Would someone mind clearing this up for me?
Thanks again
-Madcap

Best Answers

  • varunm1
    varunm1 New Altair Community Member
    edited March 2019 Answer ✓
    Hello @Madcap

    Normalizing puts values into a specific range, True. Actually, it keeps all the predictor's values in the same range for example 0 to 1. ML and statistic models consider that data is distributed normally. The main use of normalization is when we have predictors (Attributes) whose scales (Ranges) vary a lot. For example, If we have an attribute that has values between 0 to 10 and another attribute that has values between 1000 and 10000 in the dataset this causes the algorithm to think that the attribute with higher values (1000 to 10000) is a supporting predictor. This might not be true in reality. For this reason, we consider normalization so that all the attributes are normally distributed during training and based on the statistical significance they will be given priority. This will support stable convergence of an algorithm
  • IngoRM
    IngoRM New Altair Community Member
    Answer ✓
    Just to add to the great explanation of @varunm1: Normalization is especially important for all distance-based learners like k-NN.  Without normalization, attributes with a very large range would simply overwhelm other attributes with smaller ranges.  Not because they are actually more important as predictors, simply because they have a bigger range.  For other learning schemes, e.g.
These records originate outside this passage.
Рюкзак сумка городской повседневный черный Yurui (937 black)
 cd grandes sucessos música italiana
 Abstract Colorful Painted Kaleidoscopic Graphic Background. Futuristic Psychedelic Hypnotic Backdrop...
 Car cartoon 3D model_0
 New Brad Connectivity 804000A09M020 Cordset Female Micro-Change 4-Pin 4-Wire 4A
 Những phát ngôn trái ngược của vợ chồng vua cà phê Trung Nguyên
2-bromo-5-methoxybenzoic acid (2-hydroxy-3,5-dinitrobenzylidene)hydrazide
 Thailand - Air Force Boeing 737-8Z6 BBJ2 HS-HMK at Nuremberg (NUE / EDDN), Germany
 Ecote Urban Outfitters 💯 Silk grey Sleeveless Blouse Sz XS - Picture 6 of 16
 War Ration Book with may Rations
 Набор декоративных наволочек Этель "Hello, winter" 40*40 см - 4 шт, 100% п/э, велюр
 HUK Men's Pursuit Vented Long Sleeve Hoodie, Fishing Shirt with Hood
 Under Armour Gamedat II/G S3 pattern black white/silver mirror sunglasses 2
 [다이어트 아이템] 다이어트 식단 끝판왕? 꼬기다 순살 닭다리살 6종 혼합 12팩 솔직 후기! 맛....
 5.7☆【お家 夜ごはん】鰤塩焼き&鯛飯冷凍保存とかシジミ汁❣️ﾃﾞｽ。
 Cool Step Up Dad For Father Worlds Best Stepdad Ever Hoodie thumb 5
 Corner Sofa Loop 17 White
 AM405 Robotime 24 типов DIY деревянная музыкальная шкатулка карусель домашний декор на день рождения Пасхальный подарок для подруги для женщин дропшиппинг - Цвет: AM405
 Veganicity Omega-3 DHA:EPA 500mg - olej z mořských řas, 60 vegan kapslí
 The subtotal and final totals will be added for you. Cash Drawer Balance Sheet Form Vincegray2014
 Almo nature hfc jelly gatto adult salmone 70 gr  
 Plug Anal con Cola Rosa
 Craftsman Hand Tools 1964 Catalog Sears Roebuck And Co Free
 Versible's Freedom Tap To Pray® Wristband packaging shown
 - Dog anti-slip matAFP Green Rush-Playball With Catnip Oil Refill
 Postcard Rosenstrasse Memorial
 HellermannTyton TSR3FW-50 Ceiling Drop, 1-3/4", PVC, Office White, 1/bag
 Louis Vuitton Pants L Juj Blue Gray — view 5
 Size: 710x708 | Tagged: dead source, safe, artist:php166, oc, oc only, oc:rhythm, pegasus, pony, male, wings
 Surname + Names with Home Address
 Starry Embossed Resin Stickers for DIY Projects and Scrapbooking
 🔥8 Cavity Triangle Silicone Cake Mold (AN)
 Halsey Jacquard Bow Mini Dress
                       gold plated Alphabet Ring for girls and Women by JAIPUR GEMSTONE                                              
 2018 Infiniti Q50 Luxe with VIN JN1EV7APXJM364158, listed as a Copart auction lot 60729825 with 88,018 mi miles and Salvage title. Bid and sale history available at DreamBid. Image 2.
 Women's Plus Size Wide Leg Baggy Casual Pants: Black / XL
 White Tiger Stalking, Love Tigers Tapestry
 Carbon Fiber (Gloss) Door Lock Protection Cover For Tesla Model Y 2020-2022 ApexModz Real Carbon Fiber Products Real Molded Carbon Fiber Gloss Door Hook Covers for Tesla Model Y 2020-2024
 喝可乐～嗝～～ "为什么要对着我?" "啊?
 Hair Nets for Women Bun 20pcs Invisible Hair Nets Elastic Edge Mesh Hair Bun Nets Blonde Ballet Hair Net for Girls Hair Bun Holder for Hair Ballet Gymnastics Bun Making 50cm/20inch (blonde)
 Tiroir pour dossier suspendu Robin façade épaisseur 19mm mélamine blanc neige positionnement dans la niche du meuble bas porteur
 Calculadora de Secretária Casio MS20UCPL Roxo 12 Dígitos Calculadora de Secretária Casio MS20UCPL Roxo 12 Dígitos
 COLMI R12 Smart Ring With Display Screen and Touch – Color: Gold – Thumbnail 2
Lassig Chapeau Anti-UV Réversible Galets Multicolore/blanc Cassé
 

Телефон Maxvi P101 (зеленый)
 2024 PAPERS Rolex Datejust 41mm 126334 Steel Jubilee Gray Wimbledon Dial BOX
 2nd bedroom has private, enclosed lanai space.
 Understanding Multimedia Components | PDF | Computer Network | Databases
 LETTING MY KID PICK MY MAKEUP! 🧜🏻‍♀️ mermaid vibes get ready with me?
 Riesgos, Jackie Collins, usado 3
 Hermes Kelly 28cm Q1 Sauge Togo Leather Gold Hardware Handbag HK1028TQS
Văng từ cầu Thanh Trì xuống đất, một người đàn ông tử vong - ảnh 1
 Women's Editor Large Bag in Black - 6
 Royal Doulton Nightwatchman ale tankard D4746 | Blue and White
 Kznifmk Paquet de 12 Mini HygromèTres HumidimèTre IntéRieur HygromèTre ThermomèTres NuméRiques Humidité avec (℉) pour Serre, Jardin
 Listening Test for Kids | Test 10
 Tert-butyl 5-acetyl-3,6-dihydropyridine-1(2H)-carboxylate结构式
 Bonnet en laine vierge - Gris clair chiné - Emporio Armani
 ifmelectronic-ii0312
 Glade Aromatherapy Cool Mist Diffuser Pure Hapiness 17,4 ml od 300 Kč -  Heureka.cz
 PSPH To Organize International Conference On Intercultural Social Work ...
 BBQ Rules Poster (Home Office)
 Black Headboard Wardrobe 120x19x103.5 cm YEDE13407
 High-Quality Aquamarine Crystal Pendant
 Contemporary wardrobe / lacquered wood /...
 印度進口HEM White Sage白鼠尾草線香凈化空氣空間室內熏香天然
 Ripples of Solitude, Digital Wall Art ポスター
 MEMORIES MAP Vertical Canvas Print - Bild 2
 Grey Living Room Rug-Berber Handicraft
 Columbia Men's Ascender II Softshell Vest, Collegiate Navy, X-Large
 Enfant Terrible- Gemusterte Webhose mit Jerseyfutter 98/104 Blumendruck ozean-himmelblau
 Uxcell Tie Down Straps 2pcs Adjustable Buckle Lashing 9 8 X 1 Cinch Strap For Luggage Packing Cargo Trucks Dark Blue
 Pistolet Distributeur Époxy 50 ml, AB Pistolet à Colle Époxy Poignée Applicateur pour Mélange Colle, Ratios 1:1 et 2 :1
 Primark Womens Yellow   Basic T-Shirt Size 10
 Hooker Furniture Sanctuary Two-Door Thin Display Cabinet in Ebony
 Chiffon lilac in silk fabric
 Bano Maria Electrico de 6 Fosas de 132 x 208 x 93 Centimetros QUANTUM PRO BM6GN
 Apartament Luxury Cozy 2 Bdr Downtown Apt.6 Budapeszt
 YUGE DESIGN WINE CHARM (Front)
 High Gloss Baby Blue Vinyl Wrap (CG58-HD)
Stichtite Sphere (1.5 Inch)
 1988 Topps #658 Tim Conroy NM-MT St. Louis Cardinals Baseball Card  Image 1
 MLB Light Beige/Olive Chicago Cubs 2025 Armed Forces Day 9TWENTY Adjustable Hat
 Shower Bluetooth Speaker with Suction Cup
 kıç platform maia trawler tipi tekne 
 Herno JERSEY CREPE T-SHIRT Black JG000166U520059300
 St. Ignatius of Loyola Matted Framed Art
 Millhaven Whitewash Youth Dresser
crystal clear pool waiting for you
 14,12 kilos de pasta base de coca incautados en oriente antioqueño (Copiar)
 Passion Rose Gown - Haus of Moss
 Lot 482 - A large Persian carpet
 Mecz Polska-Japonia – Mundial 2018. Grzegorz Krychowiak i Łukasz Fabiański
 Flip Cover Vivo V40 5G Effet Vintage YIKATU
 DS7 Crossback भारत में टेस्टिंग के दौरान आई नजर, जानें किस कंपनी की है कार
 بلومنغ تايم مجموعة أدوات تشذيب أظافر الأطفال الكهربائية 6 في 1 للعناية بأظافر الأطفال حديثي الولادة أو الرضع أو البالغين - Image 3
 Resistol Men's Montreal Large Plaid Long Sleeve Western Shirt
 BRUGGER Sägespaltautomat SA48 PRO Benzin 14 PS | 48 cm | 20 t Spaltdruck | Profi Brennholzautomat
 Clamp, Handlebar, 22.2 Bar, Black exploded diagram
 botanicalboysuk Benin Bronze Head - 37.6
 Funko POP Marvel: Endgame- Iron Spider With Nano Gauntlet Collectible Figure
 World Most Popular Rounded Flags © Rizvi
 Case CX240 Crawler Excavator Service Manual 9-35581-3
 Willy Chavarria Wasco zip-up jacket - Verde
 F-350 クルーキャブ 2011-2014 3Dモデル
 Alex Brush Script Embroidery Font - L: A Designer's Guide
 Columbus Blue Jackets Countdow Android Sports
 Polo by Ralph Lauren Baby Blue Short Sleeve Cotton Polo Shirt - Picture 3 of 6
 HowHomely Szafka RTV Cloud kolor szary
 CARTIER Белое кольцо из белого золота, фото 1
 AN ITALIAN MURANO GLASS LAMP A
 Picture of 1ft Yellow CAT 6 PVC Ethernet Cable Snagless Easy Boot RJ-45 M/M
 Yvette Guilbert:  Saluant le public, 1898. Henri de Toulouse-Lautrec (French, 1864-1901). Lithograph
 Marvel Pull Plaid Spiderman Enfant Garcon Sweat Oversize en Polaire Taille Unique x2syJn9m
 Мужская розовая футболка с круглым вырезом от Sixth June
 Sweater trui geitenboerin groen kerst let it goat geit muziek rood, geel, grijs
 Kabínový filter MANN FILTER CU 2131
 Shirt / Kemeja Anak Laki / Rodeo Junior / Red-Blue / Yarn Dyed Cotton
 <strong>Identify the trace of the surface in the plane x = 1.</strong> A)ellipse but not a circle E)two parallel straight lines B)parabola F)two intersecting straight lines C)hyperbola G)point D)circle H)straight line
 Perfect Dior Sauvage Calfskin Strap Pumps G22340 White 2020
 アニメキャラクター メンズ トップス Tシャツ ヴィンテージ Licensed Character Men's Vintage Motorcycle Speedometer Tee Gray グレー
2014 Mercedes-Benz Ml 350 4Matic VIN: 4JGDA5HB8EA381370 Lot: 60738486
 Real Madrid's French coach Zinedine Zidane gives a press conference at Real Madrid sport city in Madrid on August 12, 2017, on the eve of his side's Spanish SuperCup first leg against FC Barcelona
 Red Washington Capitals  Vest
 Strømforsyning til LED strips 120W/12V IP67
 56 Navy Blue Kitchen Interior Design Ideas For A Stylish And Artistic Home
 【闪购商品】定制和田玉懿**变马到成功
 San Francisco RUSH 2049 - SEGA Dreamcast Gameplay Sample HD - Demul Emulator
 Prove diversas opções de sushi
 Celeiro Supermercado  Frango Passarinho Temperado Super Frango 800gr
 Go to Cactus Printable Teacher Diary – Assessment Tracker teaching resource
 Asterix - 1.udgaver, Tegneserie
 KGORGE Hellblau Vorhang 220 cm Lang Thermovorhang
Decision Tree, this does not matter and in fact I would recommend against normalization (in most cases), since it changes the range of your input data and reduces understandability of the model to somebody who is familiar with the application domain.
    Hope this helps,
    Ingo

Answers

  • varunm1
    varunm1 New Altair Community Member
    edited March 2019 Answer ✓
    Hello @Madcap

    Normalizing puts values into a specific range, True. Actually, it keeps all the predictor's values in the same range for example 0 to 1. ML and statistic models consider that data is distributed normally. The main use of normalization is when we have predictors (Attributes) whose scales (Ranges) vary a lot. For example, If we have an attribute that has values between 0 to 10 and another attribute that has values between 1000 and 10000 in the dataset this causes the algorithm to think that the attribute with higher values (1000 to 10000) is a supporting predictor. This might not be true in reality. For this reason, we consider normalization so that all the attributes are normally distributed during training and based on the statistical significance they will be given priority. This will support stable convergence of an algorithm
  • Madcap
    Madcap New Altair Community Member
    Thanks a lot for your help on this and past questions! @varunm1
    Very helpful
  • IngoRM
    IngoRM New Altair Community Member
    Answer ✓
    Just to add to the great explanation of @varunm1: Normalization is especially important for all distance-based learners like k-NN.  Without normalization, attributes with a very large range would simply overwhelm other attributes with smaller ranges.  Not because they are actually more important as predictors, simply because they have a bigger range.  For other learning schemes, e.g. Decision Tree, this does not matter and in fact I would recommend against normalization (in most cases), since it changes the range of your input data and reduces understandability of the model to somebody who is familiar with the application domain.
    Hope this helps,
    Ingo
  • Madcap
    Madcap New Altair Community Member
    Thank @IngoRM that is helpful. I had been creating my decisions trees and rule models etc, with normalised data mainly because in the tutorials I had done it. I definitely understand the readability aspect of it as I found myself trying to uncover what a standardised value actually represented.

    Thanks again
    -Madcap
  • Telcontar120
    Telcontar120 New Altair Community Member
    Just a clarifying note that normalization doesn't actually change the distribution of the underlying variables itself, but it does change their range.  In spite of the name, normalization doesn't magically transform underlying data into a "normal" distribution.  So you still might need to worry about outlier detection and removal techniques depending on the actual data you are using.